START Information shown
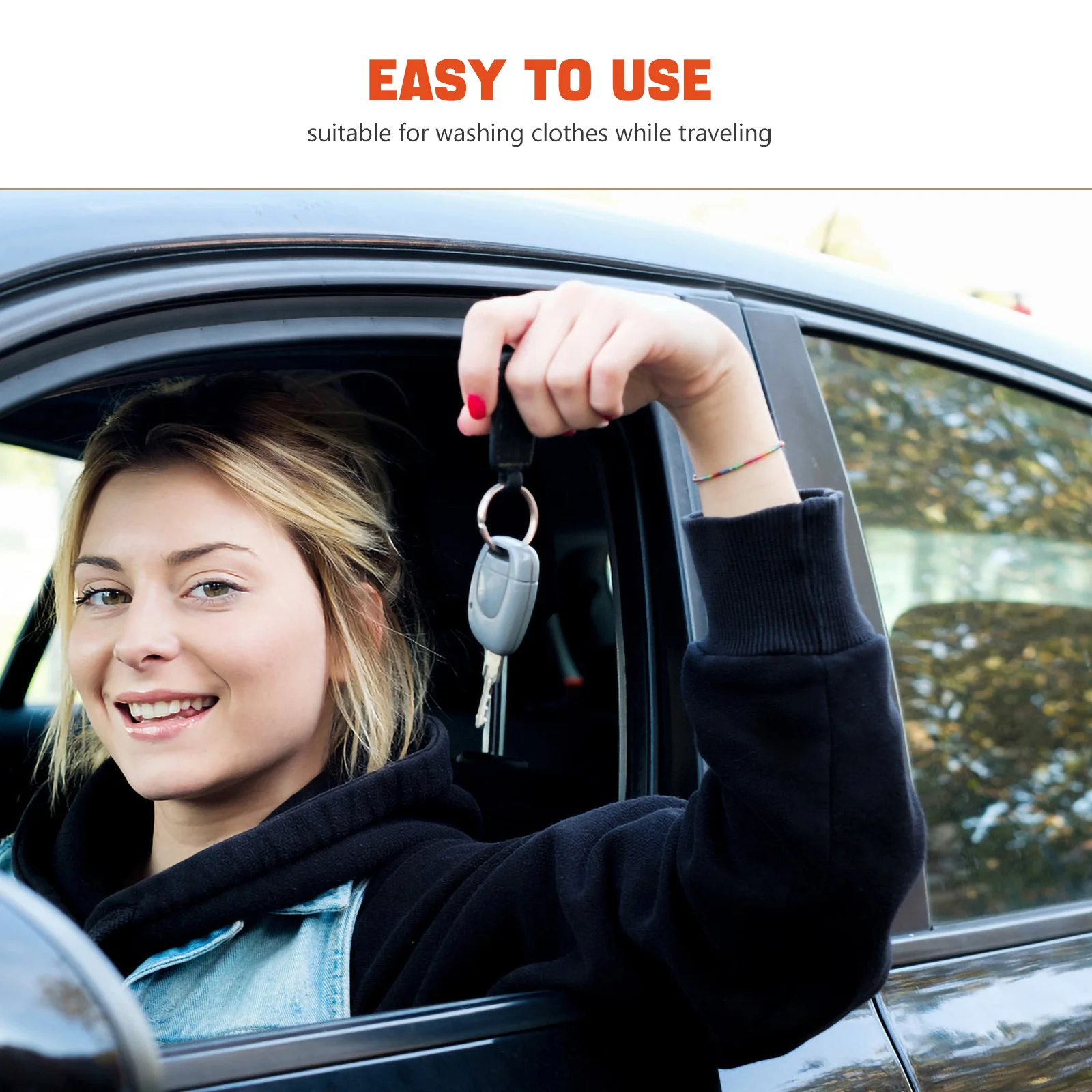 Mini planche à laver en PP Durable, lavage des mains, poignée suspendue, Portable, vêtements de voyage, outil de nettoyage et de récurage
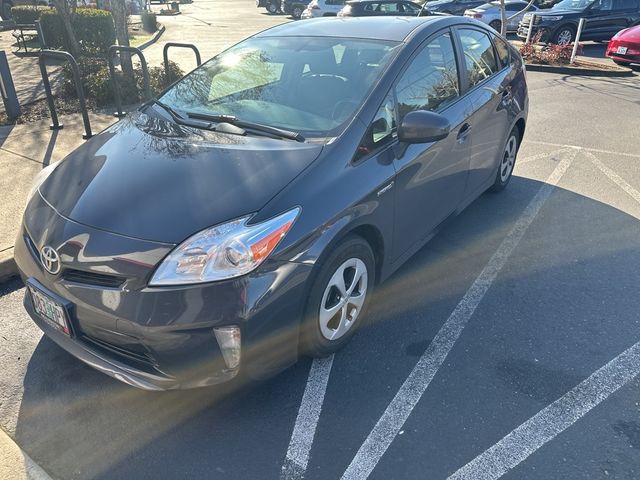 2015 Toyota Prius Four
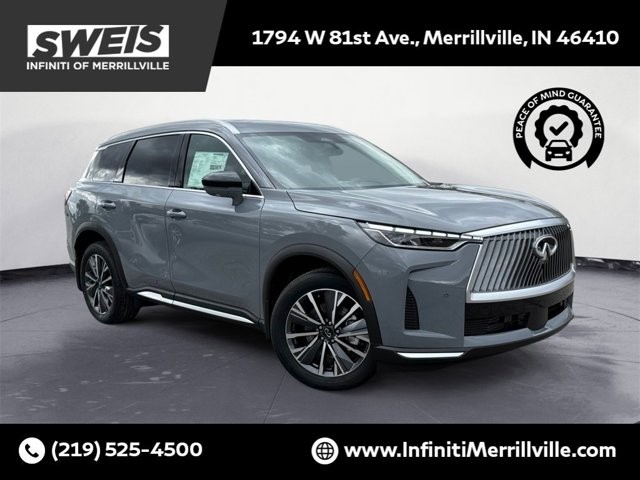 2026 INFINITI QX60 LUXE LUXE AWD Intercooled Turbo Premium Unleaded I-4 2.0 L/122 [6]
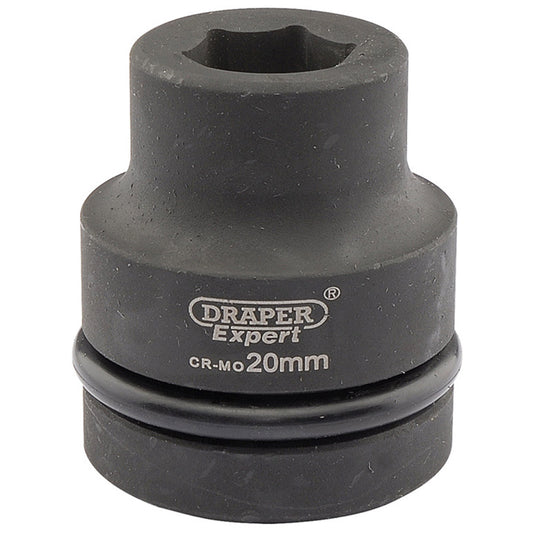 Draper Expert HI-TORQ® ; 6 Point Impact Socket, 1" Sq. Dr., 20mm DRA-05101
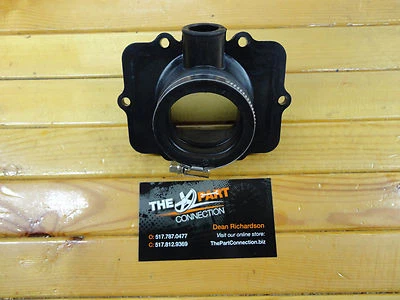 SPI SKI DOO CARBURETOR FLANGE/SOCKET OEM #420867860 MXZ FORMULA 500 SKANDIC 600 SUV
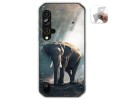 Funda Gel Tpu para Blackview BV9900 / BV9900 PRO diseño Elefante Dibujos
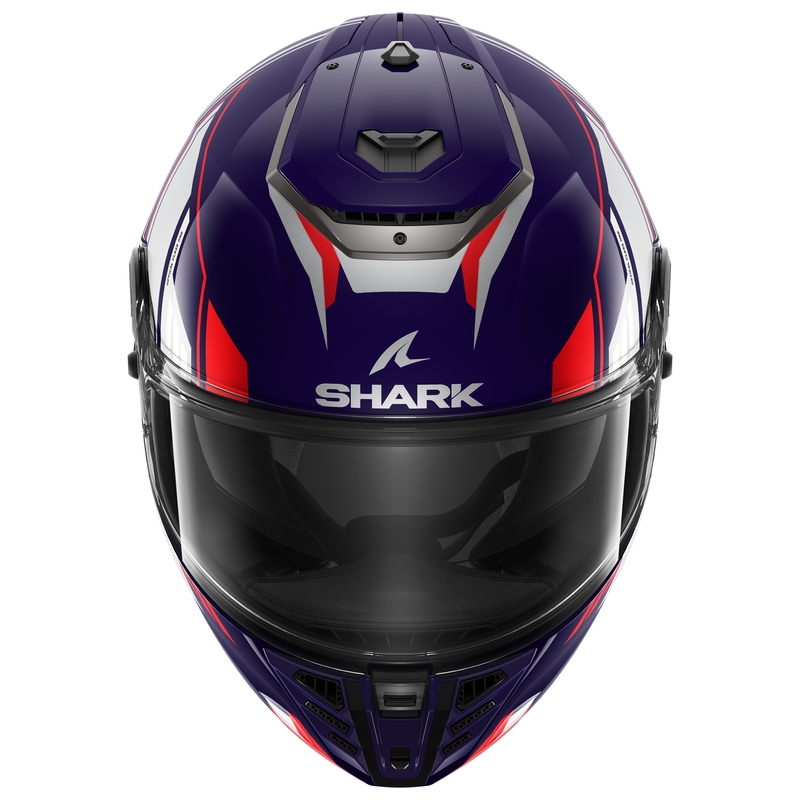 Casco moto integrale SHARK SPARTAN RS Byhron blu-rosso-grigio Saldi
END Information shown
▶ Task directions: From the first record to the last, transcribe everything exactly but drop the pictures.

▶ Result of the exercise:
 Mini planche à laver en PP Durable, lavage des mains, poignée suspendue, Portable, vêtements de voyage, outil de nettoyage et de récurage
 2015 Toyota Prius Four
 2026 INFINITI QX60 LUXE LUXE AWD Intercooled Turbo Premium Unleaded I-4 2.0 L/122 [6]
 Draper Expert HI-TORQ® ; 6 Point Impact Socket, 1" Sq. Dr., 20mm DRA-05101
 SPI SKI DOO CARBURETOR FLANGE/SOCKET OEM #420867860 MXZ FORMULA 500 SKANDIC 600 SUV
 Funda Gel Tpu para Blackview BV9900 / BV9900 PRO diseño Elefante Dibujos
 Casco moto integrale SHARK SPARTAN RS Byhron blu-rosso-grigio Saldi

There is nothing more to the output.